Multiple other problems, including security issues for women and children were also recorded.
While efforts continue to help the 2011 flood victims, in Sindh, the worst-affected province last year, there is concern about what lies ahead. “The rains could begin again in a few months, and what will we do then?” asked Guloo Ahmed in his village in Khairpur District.
While Ahmed returned home in November 2011, he says he has been unable to re-build his badly damaged house or plant new crops due to a lack of resources.
The monsoon season runs from mid-July to September. As it approaches, thoughts have been turning to preparedness. International humanitarian organizations, including Oxfam, have in the past highlighted the risks of poor preparedness. The need for better readiness is something disaster management officials heading government agencies agree is “very important”.
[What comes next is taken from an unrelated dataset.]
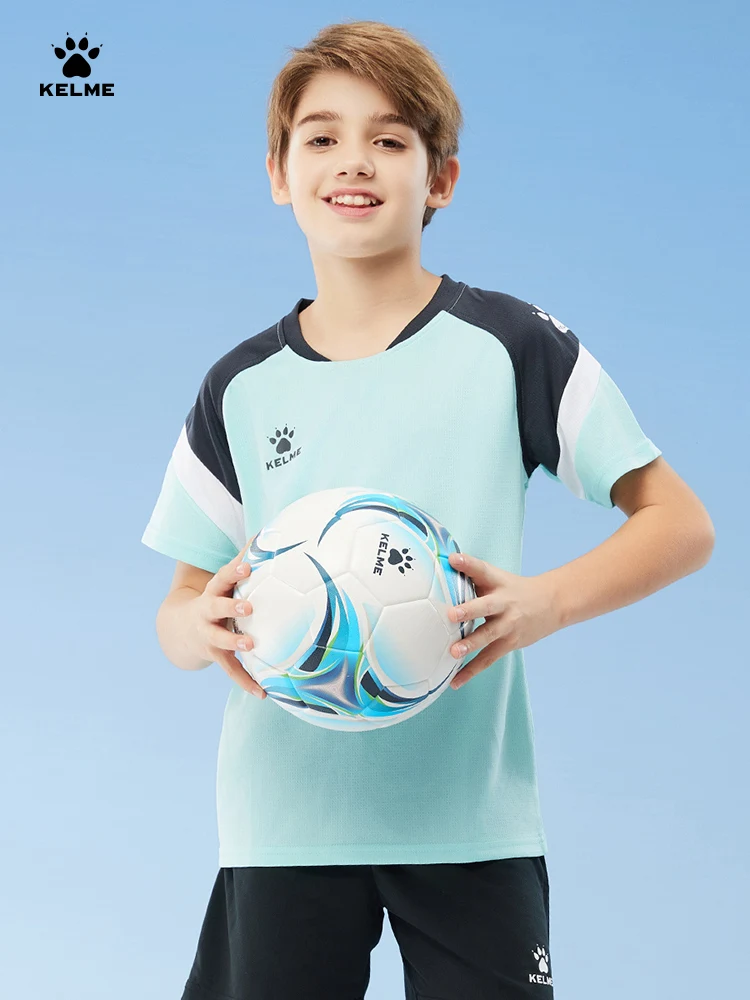 Kelme Children's Football Uniforms Competition Training Uniformschildren's Customized Uniforms Outdoor Sports Football Uniforms
Kelme Children's Football Uniforms Competition Training Uniformschildren's Customized Uniforms Outdoor Sports Football Uniforms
There has been growing awareness of this. Earlier this month, the IOM-led “shelter cluster”, along with the Sindh Provincial Disaster Management Authority (PDMA), organized a workshop on camp coordination and camp management (CCCM) to improve disaster preparedness in Sindh. The meeting followed a month-long exercise, during which around 93 aid workers, including NGO activists, government school teachers, revenue officials and others working with the 2011flood victims in Badin, Dadu, Hyderabad and Sukkur districts were offered training in CCCM. The trainees will work to train other camp managers and staff.
“We learnt a lot at the training session. Details like how to set up rows of tents, and run relief activities in a coordinated fashion will help us manage things much better, and avoid the chaos we so often see at camps,” Waheeda Bibi, a school headmistress who attended the training in Sukkur, told IRIN. Her school has been used as a shelter during past disasters.
“We need to build our disaster management capacity, and exercises such as these really help,” said Sindh PDMA head Danish Saeed.
Flood victims certainly hope so. “We lived in miserable conditions in a makeshift camp in Badin near our village for three months. Even now, our house is a wreck. The land we farmed is destroyed and I have no means of earning a living.”
Arshad Ali, a farmer, told IRIN. “I don’t know what the future will bring.”